Dean Huss took a student-centered approach to his leadership of the Zicklin School.
“When the provost announced my retirement back in August, she used a key phrase: ‘Fenwick and the talented Zicklin team,’” Huss notes. “Any successes we achieved here were a group effort. It’s never about the dean alone.”
Huss, who came to the Zicklin School after a decade as dean of the J. Mack Robinson School of Business at Georgia State University in Atlanta, learned early in his career that “top down” institutional change is unlikely to succeed. “The first thing a leader should do is talk to people in the organization and find champions who agree certain changes are needed,” he offers. “I’ve been very fortunate to have great champions for our initiatives — faculty and staff who recognize the importance of continuous improvement and innovation in the content and delivery of materials.”
On January 1, 2023, Senior Associate Dean Paquita Davis-Friday will become interim dean as the Zicklin School launches a national search for a permanent leader.

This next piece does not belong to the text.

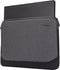Targus TBS64902 - Laptoptas - Geschikt voor 12 inch - Grijs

“I’m very optimistic about our future, because the new leadership team is deeply committed to the School’s mission,” says Huss. He hopes the Zicklin School will continue the momentum it has achieved in innovation in programming and new approaches to pedagogy: “We’re currently in the middle of revising the MBA program. Guess what? We did that a couple of years ago, and a couple of years before that.” That kind of continuous improvement is essential, he says, given the pace of change in the business world, “otherwise what we’re teaching will be out of date in a few years—or even a few months.”
Of all his career achievements, Huss is perhaps most proud of the international initiatives he’s undertaken, including partnerships with universities in Asia and Europe on dual-degree and joint degree programs. “As [management guru] Peter Drucker once said, in about five years there will be two types of CEOs: those who think globally and those who are unemployed. Our students won’t succeed if we don’t prepare them to understand differences in systems, differences in cultures and in how work gets done.” Ideally, students should gain experience working in international settings, but “having someone sitting next to them in class who’s from Asia, from India, from Europe, from Africa, is also beneficial. Anything we can do to enhance the internationalization of the student experience is critical.”

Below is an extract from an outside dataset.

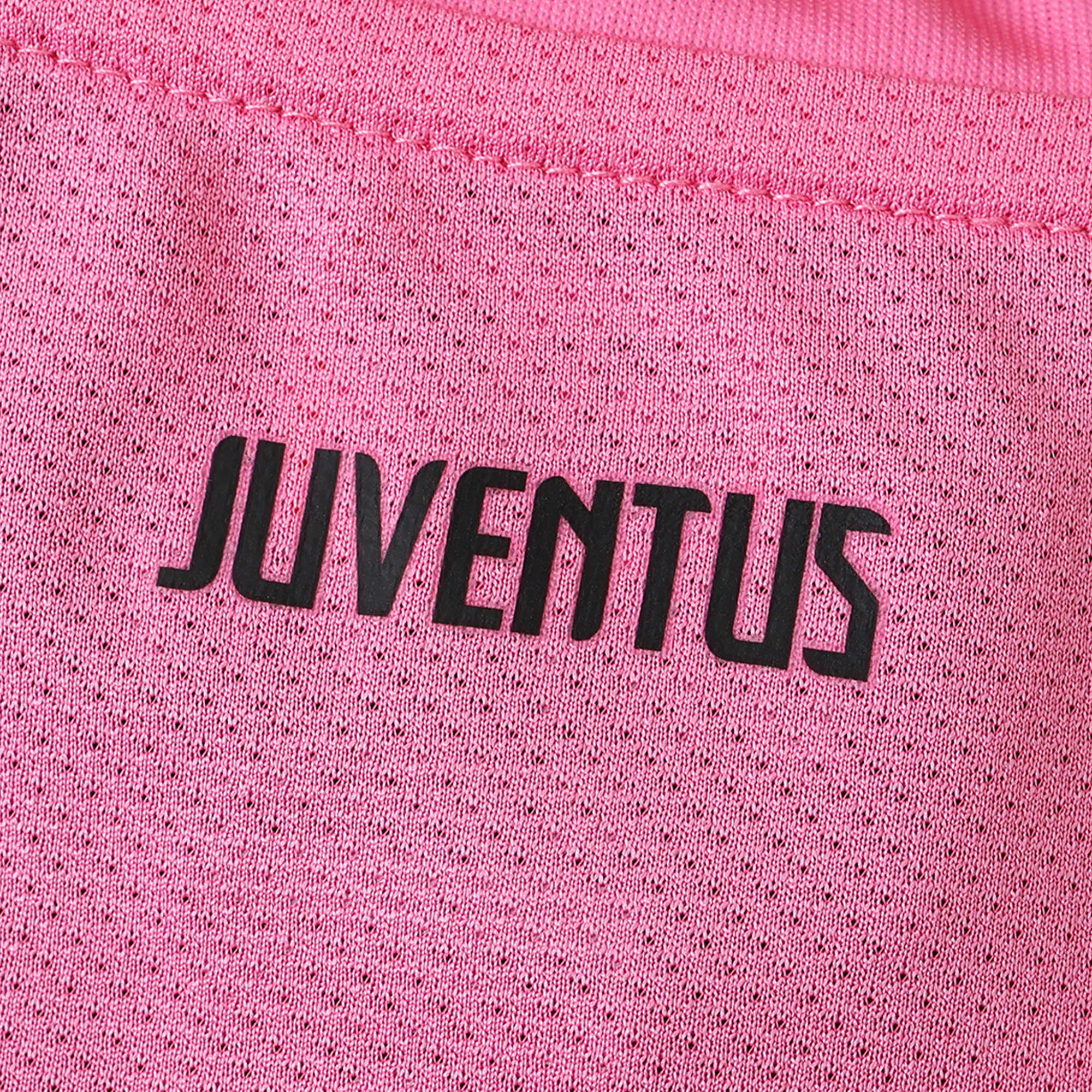 Retro Juventus 2012-13 Away Stadium Jersey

What are Huss’s plans for retirement? While his university work will cease, he will continue to serve on a few corporate boards and hopes to become more involved with a nonprofit organization he helped initiate that offers social services in a home setting for children and adolescents who have been failed by the foster-care system.
“I came to New York to be part of the great work that’s done here at the Zicklin School,” Huss sums up. “It’s been a privilege and the highlight of my career.”